Mission Health took over the Kansas facilities in March from Deseret Health Group, working closely with the Kansas State Department for Aging and Disability Services. On May 5, the Kansas agency took control of a separate Deseret facility, after Deseret told the state it was insolvent, according to the Wichita Business Journal.
Mission now manages a total of 32 companies, up from 13 in 2010, and has operations in six states. Mission closed two major deals in 2014, including a $40 million purchase/leaseback of the North Ridge Communities in Minneapolis and a long-term lease of three communities in Wisconsin.
The Kansas acquisition “is part of Mission Health’s plan for careful, controlled growth in senior housing facilities over the next five years,” Stuart Lindeman, president and CEO, said in a statement posted on Mission’s website.

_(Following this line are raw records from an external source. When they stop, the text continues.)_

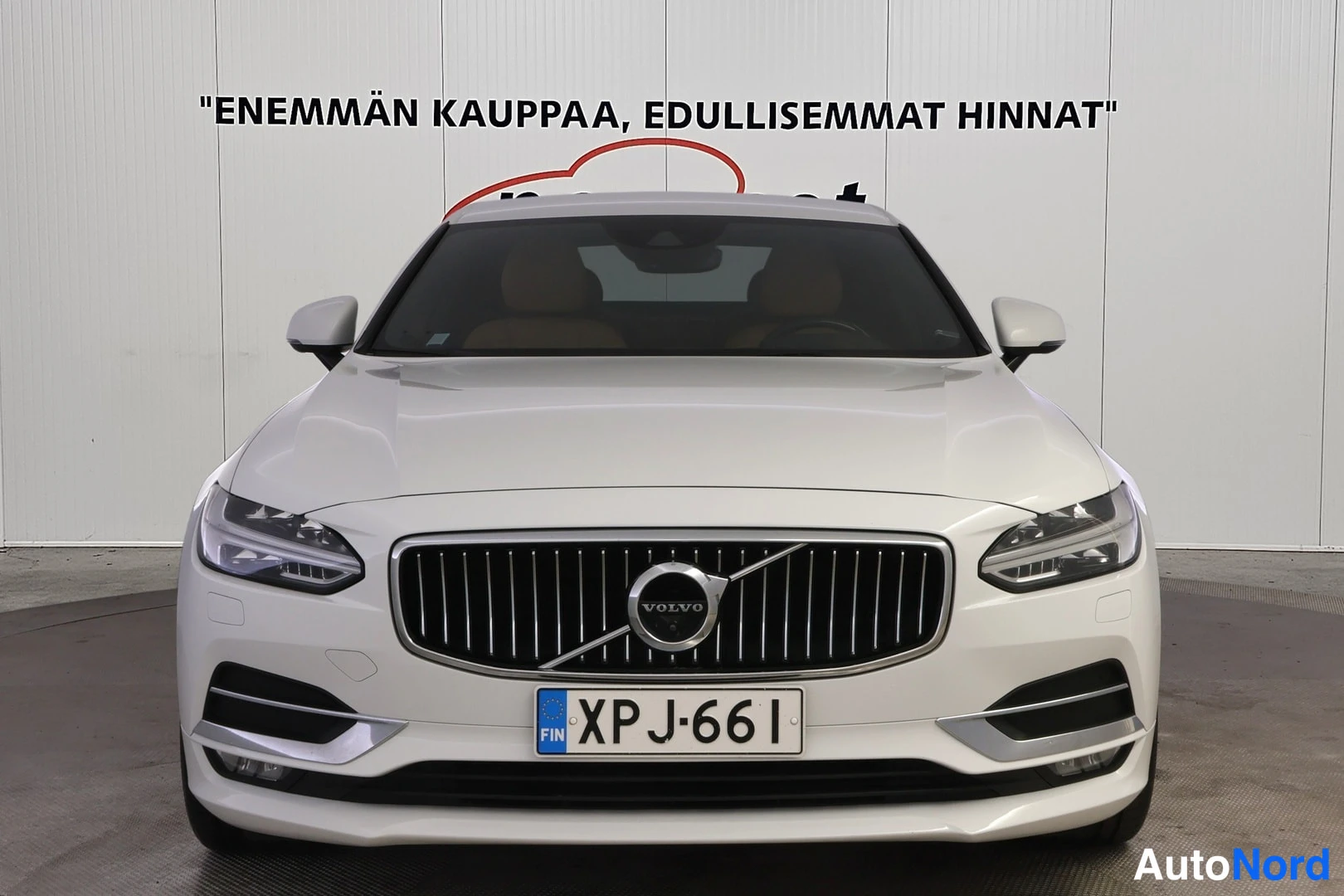 Edestä: Valkoisen sedanin suora etunäkymä: pystysäleikköinen keulagrilii VOLVO-merkki, LED-ajovalot ja SINI-keltainen rekisteri.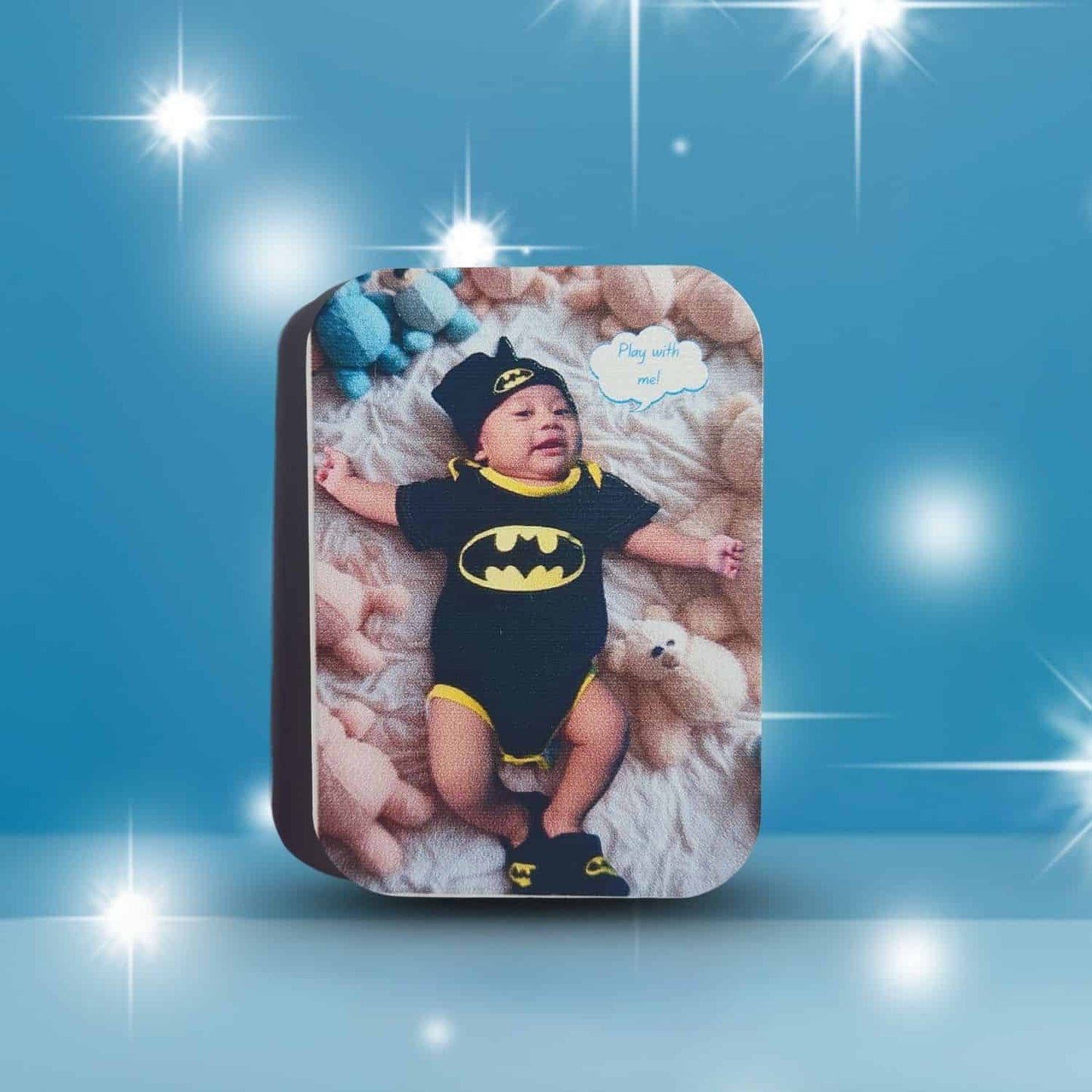InkFluenceME custom rounded rectangle magnet showcasing a heartwarming UV print. The image features a very cute baby dressed in a full black and yellow Batman superhero outfit, complete with the iconic bat-signal on the chest and a pointed hat. The baby is comfortably lying on fluffy, light-colored bedding, surrounded by stuffed toys. This personalized photo magnet is an ideal gift for new parents, baby showers, or as a charming family keepsake.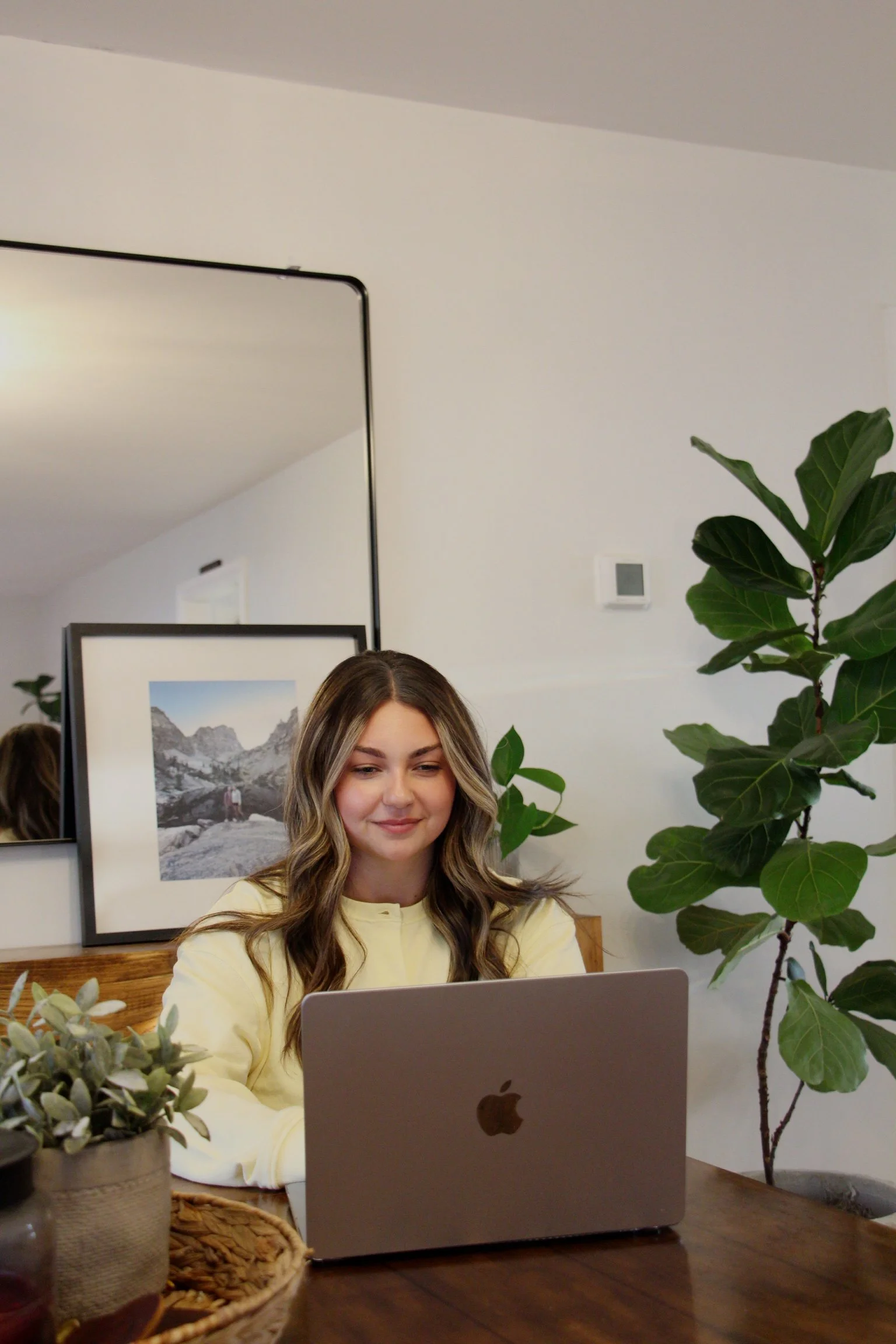 A woman with wavy, shoulder-length hair sitting at a wooden table with an open MacBook in front of her. She is wearing a yellow top and is smiling slightly while looking at the laptop screen. There are green indoor plants on the table and in the background. Behind her, there's a framed black and white landscape photograph and a white wall with a thermostat and a ceiling light. The setting appears to be a cozy, modern home or office space.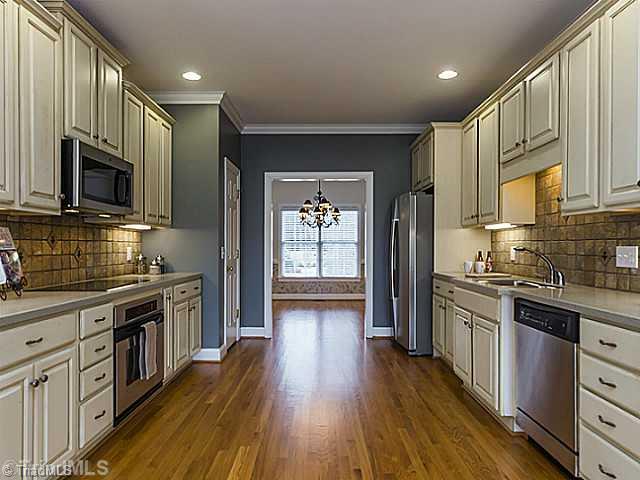 5403 Gray Leigh Drive Oak Ridge, NC 27310 - Photo 4 of 16 Kitchen. Beautiful galley kitchen has solid surface counter tops, plenty of cabinet and stainless steel appliances.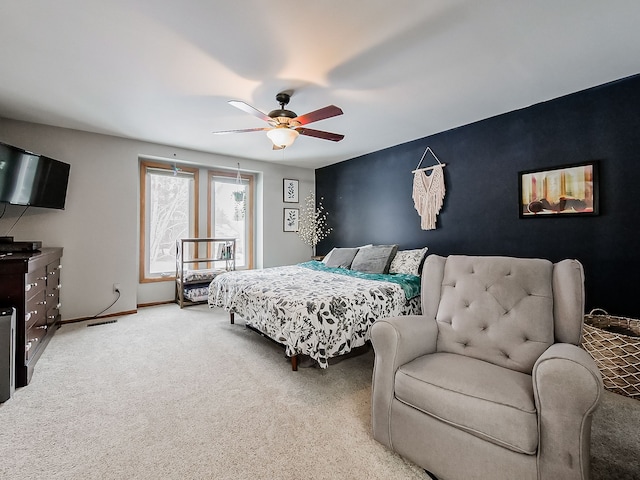 carpeted bedroom with ceiling fan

In an interview, Crino credited Lindeman with driving growth at Mission. Lindeman previously was senior vice president of the U.S. division at Revera Inc. in Ontario, Canada. “He ran a half-billion dollar organization and we recruited him away two years ago,” Crino said. “
Crino likes the senior living sector because it is fragmented — a large industry with a lot of small operators — and “we didn’t view the standard for operating across the industry to be very high,” he said. “We didn’t think the industry was very progressive. It didn’t use technology well. It didn’t have particularly sophisticated operational or financial systems.”
Mission Health brings those types of changes.
“With scale, you can do a lot more interesting things. Stuart has helped us get to the scale where we can begin to take a leadership role,” Crino said.